Nel nostro paese vengono prodotte un milione di tonnellate da 190 varietà diverse. Il 60 per cento di questa produzione è destinato al consumo interno, il restante ha ampliato i mercati: qualità del prodotto e alta ristorazione le chiavi di questo successo

Il riso in Italia abbonda, soprattutto quello di qualità, quello che crea economia. E i produttori italiani che hanno deciso di puntare su questa eccellenza lo stanno promuovendo anche all’estero. Persino a Taiwan. È l’effetto made in Italy di un prodotto che ha forte identità in una parte del nostro paese e che si propone come un mercato neanche troppo di nicchia che fa bene a tutto un sistema. Anche quello turistico. 

La chiave di valorizzare un prodotto agroalimentare di eccellenza, con tanto di storia e certificazioni, cavalca il made in Italy e rilancia anche un piatto italiano: il risotto. Come dire: vado dal sarto se voglio un risotto come si deve. Scelgo la seta migliore (riso prodotto base) e la affido agli stilisti del riso (gli chef migliori al mondo) per puntare all’alta cucina.

È anche un racconto e una storia di uomini del nostro paese che sa come vendere il suo riso persino a Taiwan. I produttori italiani di riso di qualità destinato all’alta ristorazione sono orgogliosi di questo nuovo fronte turistico-commerciale. 

Stiamo parlando di un milione di tonnellate di riso prodotto in Italia, da 190 varietà diverse: soprattutto Carnaroli, Arborio, Vialone Nano (prima Igp), Roma, Baldo e Santandrea. Fa lavorare 3.700 aziende concentrate per lo più nella Pianura Padana, da Verona fino a Vercelli (ma anche piccole produzioni in Sardegna, Toscana, Calabria e Sicilia). Per un totale di 85mila ettari, il 26 per cento nel Basso Pavese (fonte Ente Nazionale Risi). Il 60 per cento di questa produzione risicola è destinato al consumo interno con una nuova apertura sul mercato internazionale, non solo europeo. Fra i paesi nuovi: Francia ed Est, con la Turchia considerata il miglior cliente del momento. Ma da qualche anno si va anche sul mercato asiatico. 

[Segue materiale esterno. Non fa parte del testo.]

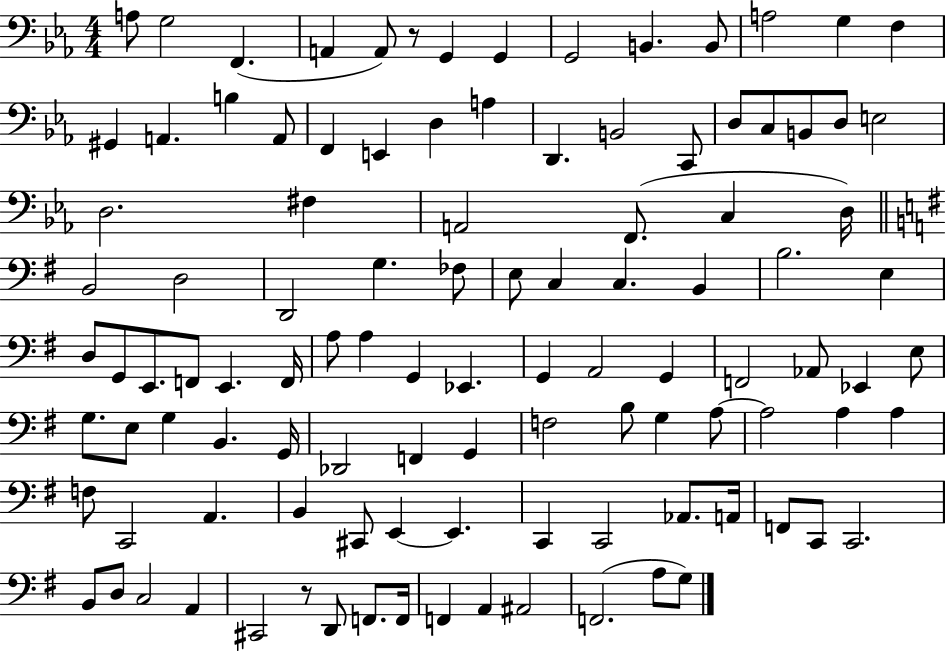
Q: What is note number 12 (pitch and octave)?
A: G3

Tanto che un produttore pavese, Andrea Bianchi, una storia risicola importante a Spessa Po, ci racconta che oggi il suo mercato estero è solo Taiwan: “Il 12 per cento della mia produzione va lì, noi abbiamo in totale quasi 200 ettari e 60 destinati al riso Carnaroli. Vendere bene il nostro riso di qualità a Taiwan non è una battuta per fare sorridere – dice – è piuttosto un orgoglio e fa capire come sia possibile perseguire una strada della qualità destinata all’alta ristorazione italiana. Eccellenze”.

I risotti hanno superato i confini italiani, sono diventati conosciuti in tutto il mondo anche grazie ai grandi chef.

Non tutto il riso è uguale e il segreto è anche nella filiera: “È raccolto selezionando i lotti migliori dalla produzione di ogni singolo campo - continua Bianchi - Ora abbiamo deciso di spingerci oltre, cercando l’eccellenza dei chicchi. Una strada iniziata quando il mio bisnonno Giovanni acquistò con un Marengo d’oro un campo di 7 ettari, situato nel comune di Corteolona (in provincia di Pavia)”.  Che finirà in un piatto di risotto doc. 

È salva la tradizione e c’è anche una visione lunga perché all’alta ristorazione si ispirano poi tutti, in cucina: “Tutti siamo più esigenti ai fornelli dopo che abbiamo imparato a mangiare bene - come racconta Stefano Calvi nel suo “saggio” omaggio al Re Risotto che si intitola “Risotto Una storia, una tradizione, un piatto padano”. Un piatto che ha fatto la storia della gastronomia padana, come lo definisce Gianni Brera nella Pacciada del 1973”.